Differentiate between commodity and stock - SS1 Commerce Lesson Note
A commodity refers to a raw material or primary agricultural product that can be bought or sold, such as gold, oil, wheat, or coffee. It is a basic item used in commerce that is generally uniform in quality and can be exchanged for other goods of the same type. On the other hand, a stock represents ownership in a company. When you own a stock, you own a small piece or share of that company.
Commodities are tangible goods, often found in their natural state or after minimal processing. They are typically traded on exchanges and their prices can fluctuate based on factors such as supply and demand, weather conditions, geopolitical events, and market sentiment. Stocks, on the other hand, represent an ownership stake in a company and are traded on stock exchanges. Their value can be influenced by various factors like company performance, earnings, news, and investor sentiment.
Commodities are often used as investment vehicles for diversification and hedging purposes. Investors may buy commodities to protect against inflation, manage risk, or take advantage of price fluctuations. Stocks, on the other hand, are primarily purchased as investments in individual companies. Investors buy stocks with the expectation that the company's value and profitability will increase over time, allowing them to profit from dividends or capital appreciation.

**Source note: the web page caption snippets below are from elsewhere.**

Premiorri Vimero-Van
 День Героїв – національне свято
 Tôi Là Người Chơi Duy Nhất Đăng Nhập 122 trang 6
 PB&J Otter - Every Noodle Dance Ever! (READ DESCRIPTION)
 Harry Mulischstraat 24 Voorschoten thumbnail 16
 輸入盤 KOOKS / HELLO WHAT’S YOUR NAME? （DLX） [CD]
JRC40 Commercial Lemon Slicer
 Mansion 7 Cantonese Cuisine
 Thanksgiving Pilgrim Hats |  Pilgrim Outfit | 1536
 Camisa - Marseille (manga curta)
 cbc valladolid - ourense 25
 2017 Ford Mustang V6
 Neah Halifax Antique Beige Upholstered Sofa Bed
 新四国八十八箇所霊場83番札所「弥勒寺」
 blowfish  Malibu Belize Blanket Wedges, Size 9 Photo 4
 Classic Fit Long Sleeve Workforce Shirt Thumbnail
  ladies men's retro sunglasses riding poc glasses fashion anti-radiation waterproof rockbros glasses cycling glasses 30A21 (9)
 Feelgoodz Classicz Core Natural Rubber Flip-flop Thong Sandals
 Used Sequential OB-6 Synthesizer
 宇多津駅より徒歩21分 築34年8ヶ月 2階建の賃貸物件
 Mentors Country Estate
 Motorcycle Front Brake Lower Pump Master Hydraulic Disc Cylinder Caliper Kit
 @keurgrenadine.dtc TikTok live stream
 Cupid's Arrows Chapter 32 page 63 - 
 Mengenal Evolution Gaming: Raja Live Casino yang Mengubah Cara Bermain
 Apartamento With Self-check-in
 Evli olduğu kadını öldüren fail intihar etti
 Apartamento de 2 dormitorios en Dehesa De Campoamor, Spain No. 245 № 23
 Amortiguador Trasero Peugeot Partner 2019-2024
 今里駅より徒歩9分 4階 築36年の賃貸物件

Commodities' returns are mainly driven by changes in their supply and demand dynamics. The value of a commodity can rise or fall based on factors such as changes in production, global economic conditions, or geopolitical events. In contrast, stock returns are influenced by the overall performance of the company. If the company performs well and its value increases, the stock price tends to rise, potentially generating capital gains for investors.